[Requirement] Using the records that follow, reproduce exactly the lines starting at the line containing "red rose and flute on sheet music" and ending at the line containing "Vitrina grande de madera y cristal". Include both end lines and no pictures.

[Provided data]
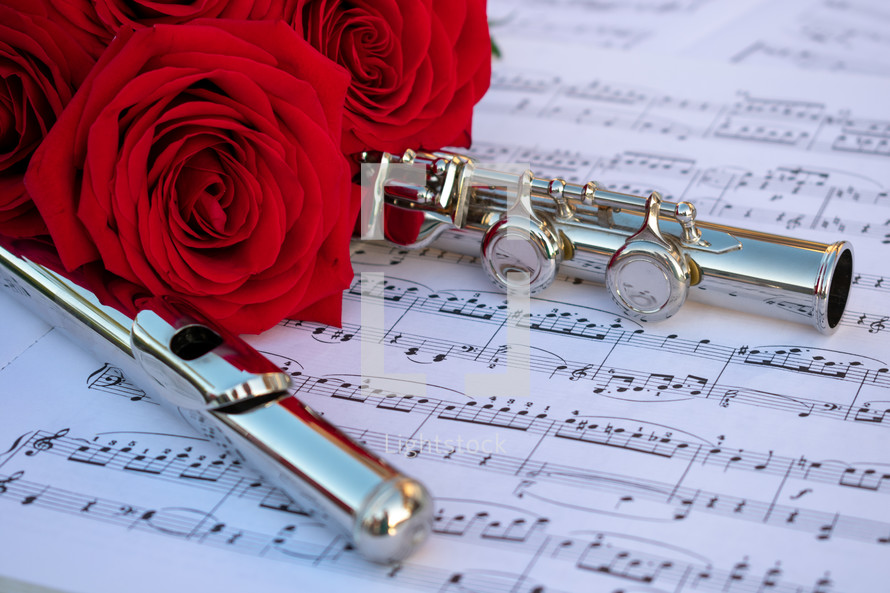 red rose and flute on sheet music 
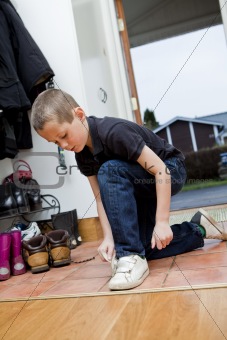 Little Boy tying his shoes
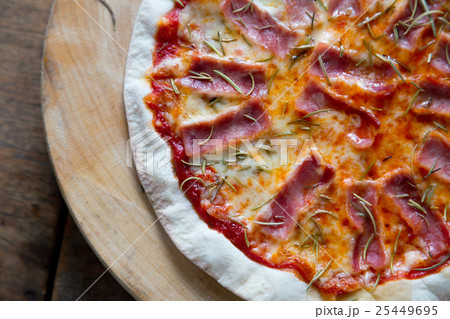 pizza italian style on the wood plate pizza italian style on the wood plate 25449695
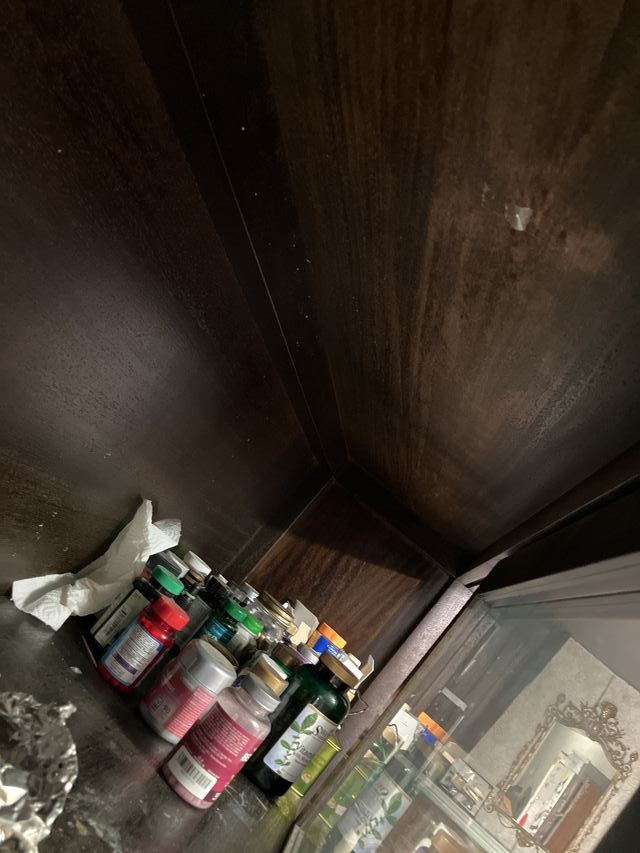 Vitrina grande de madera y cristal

--

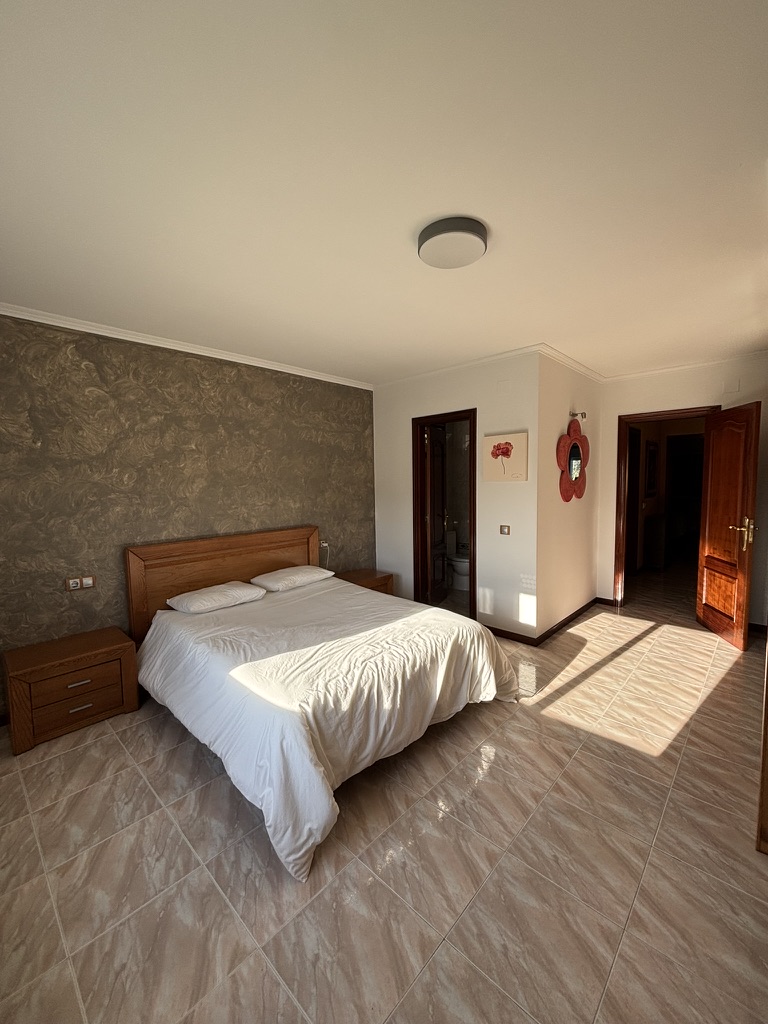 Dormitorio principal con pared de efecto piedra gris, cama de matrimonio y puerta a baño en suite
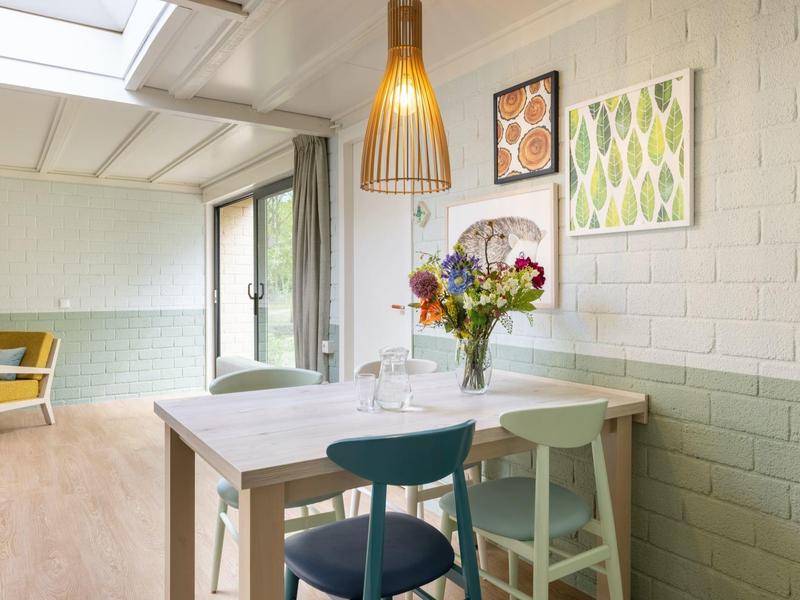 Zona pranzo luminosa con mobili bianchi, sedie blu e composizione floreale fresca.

--

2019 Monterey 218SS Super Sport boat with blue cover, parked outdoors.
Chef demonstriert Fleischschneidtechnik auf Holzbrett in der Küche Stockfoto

[Exercise answer]
 red rose and flute on sheet music 
 Little Boy tying his shoes
 pizza italian style on the wood plate pizza italian style on the wood plate 25449695
 Vitrina grande de madera y cristal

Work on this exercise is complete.